Exercise objective => Retype the range from the line holding "FRANCE ROUSSILLON PYR.OR. ASPRES CANIGOU" to the last line of the listing, inclusive, exactly as it appears and with nothing else.

Data to process =>
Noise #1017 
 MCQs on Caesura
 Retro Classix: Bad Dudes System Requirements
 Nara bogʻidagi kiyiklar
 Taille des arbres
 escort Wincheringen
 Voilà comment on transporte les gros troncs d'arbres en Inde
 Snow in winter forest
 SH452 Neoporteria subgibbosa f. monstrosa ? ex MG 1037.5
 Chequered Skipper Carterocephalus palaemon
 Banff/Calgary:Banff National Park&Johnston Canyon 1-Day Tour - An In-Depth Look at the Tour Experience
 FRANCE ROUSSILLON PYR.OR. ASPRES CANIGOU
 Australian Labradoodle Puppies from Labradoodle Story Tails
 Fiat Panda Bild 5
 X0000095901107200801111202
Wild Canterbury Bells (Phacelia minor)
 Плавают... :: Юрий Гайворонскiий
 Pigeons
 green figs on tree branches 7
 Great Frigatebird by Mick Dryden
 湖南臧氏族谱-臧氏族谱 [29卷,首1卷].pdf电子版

Solution =>
 FRANCE ROUSSILLON PYR.OR. ASPRES CANIGOU
 Australian Labradoodle Puppies from Labradoodle Story Tails
 Fiat Panda Bild 5
 X0000095901107200801111202
Wild Canterbury Bells (Phacelia minor)
 Плавают... :: Юрий Гайворонскiий
 Pigeons
 green figs on tree branches 7
 Great Frigatebird by Mick Dryden
 湖南臧氏族谱-臧氏族谱 [29卷,首1卷].pdf电子版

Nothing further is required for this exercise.